Жилло быстро сообразил, что надо делать, и прикинулся, будто покоряется судьбе:

— Если вы желаете, дядюшка, я уйду…

— И куда же ты отправишься?

— Я еще не думал об этом… Уеду куда-нибудь из Парижа…

— Вот и чудненько. Да только я тебя знаю: сперва помчишься плакаться маршалу…

— Даю слово, дядюшка, я буду нем как рыба.

— Верится с трудом… Пожалуй, я отхвачу тебе язык — тогда уж ты меня точно не выдашь.

Жиль разразился демоническим хохотом и заявил:

— Ты же сам меня надоумил, рассказав о Пардальяне. И про уши — тоже его идея! Светлая все-таки голова у этого мерзавца!

Жилло оцепенел от страха; парень захрипел, обмяк и лишился чувств. А дядя принялся деловито точить громадный кухонный нож. Потом он отыскал в буфете огромные клещи и шагнул к бедняге-племяннику. Однако Жиль быстро понял, что отрезать язык гораздо сложнее, чем отсечь уши. Соображая, с чего начать, старик склонился над Жилло, сжимая в одной руке нож, а в другой — клещи.

— Так-так-так… — бормотал Жиль, — как бы мне это сделать половчее?.. Ну и хорош же будет после этого Жилло…

А над дворцом гремел гром и сверкали молнии. По пустым коридорам особняка гулял ветер…

Вдруг веки Жилло дрогнули. Жиль, отбросив все сомнения, принялся за дело и постарался засунуть клещи парню в рот. Но бедный Жилло крепко стиснул зубы и замер. Его глаза снова налились кровью, от напряжения выступили вены на шее… Это была ужасная схватка дяди и племянника… Но внезапно Жилло захрипел, а потом закричал громко и страшно: Жиль сумел разжать бедняге челюсти, поймать клещами язык и чудовищным рывком выдрать его изо рта.

— Сам виноват! — прошипел управляющий. — Не дергался бы, я бы аккуратненько отрезал, чистым ножичком.

Старик гаденько засмеялся, но в этот миг сильный порыв ветра распахнул окно и погасил свечу. В воцарившемся мраке Жиль вдруг ощутил руки племянника на своей шее.

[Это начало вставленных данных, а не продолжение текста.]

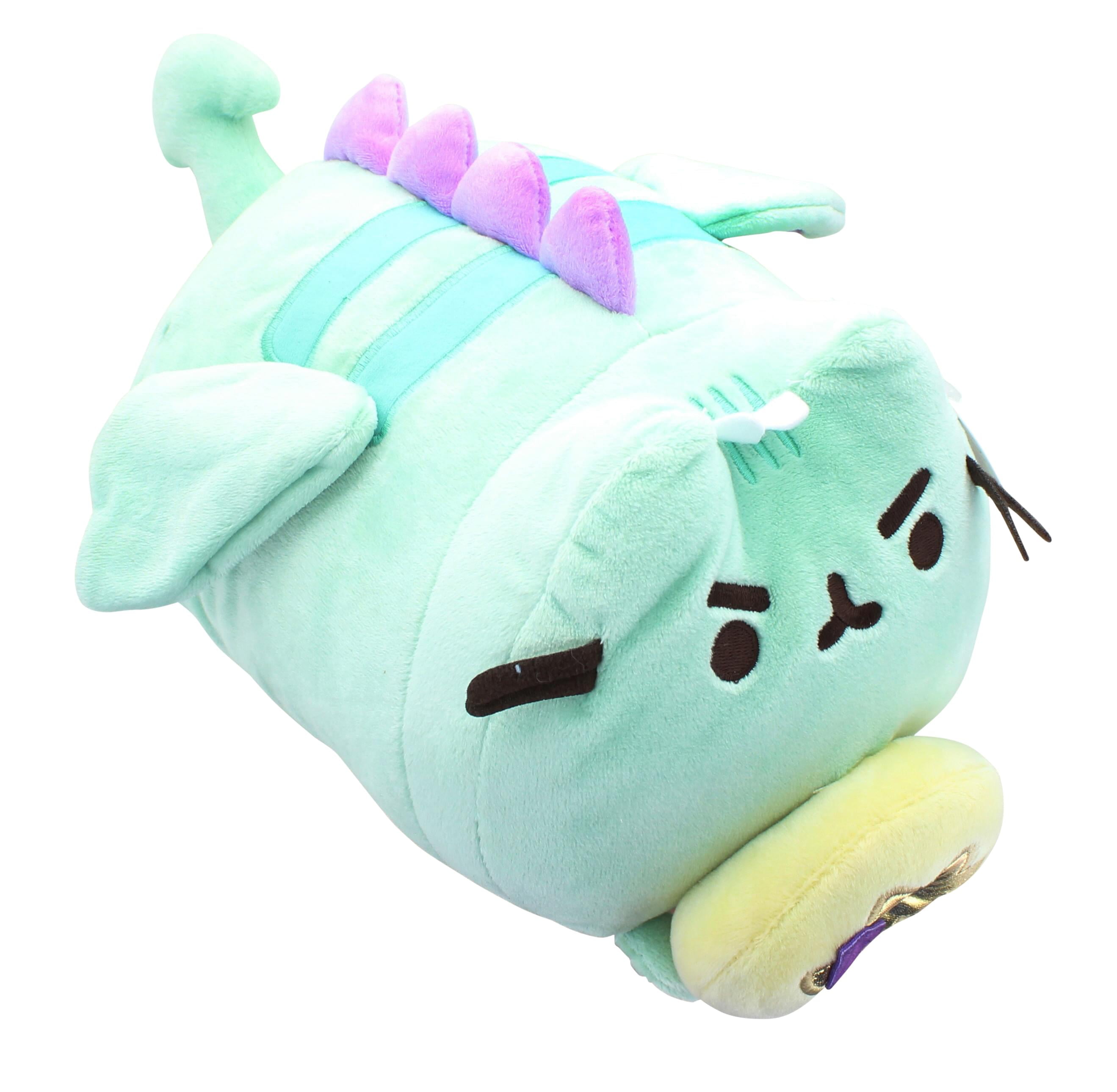 pusheen dragon plush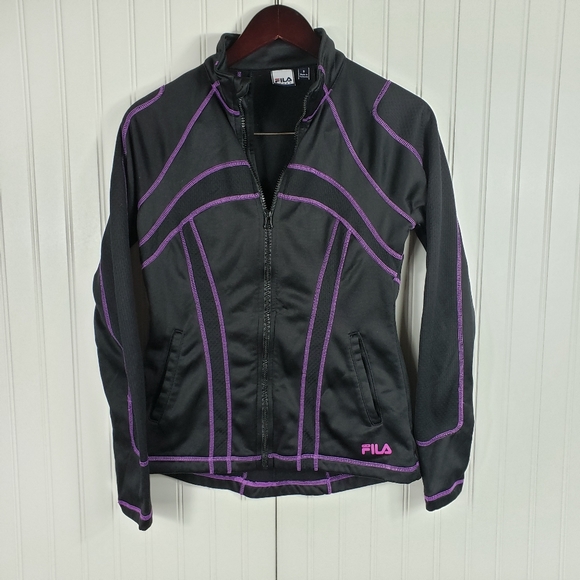 Fila Tops - 7/$20 FILA active sweater size SMALL
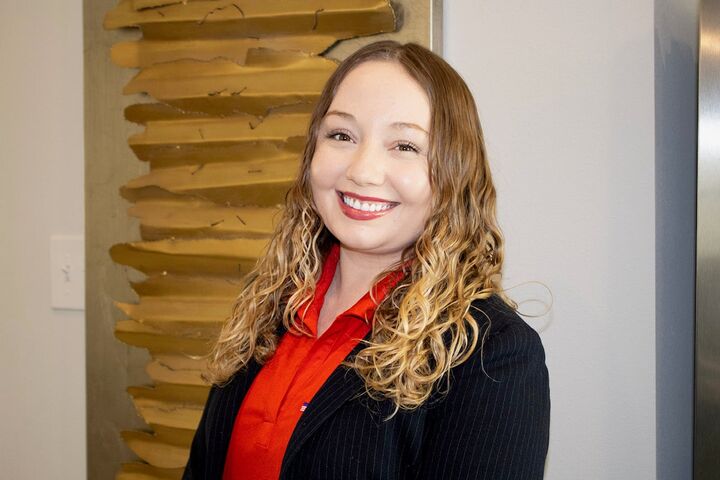 Brittney Outcelt, Real Estate Salesperson in Bay Saint Louis, Alfonso Realty, Inc.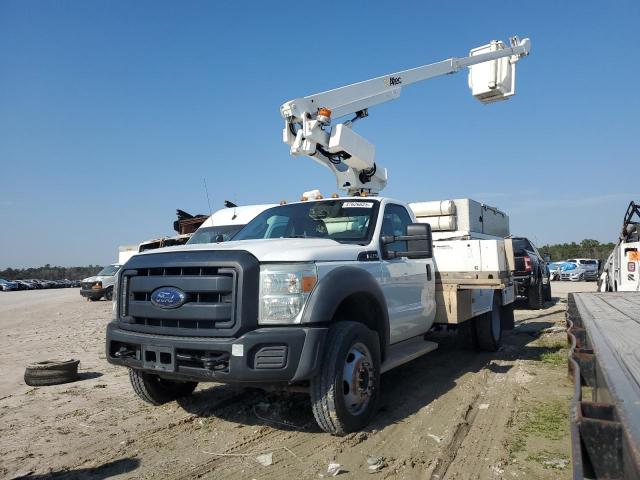 2012 Ford F450 Super Duty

Боль утроила силы парня; напрягшись, он разорвал путы, вскочил и навалился на дядю. Весь в крови, страшный, словно восставший из могилы покойник, Жилло вцепился Жилю в горло. Пальцы несчастного все сильнее стискивали шею мучителя. Дядя и племянник, не размыкая смертельных объятий, рухнули на пол…

Рассвело… Через распахнутое окно комнату залили лучи утреннего солнца. Они осветили два трупа: один, окровавленный и изуродованный, все еще сжимал горло другого.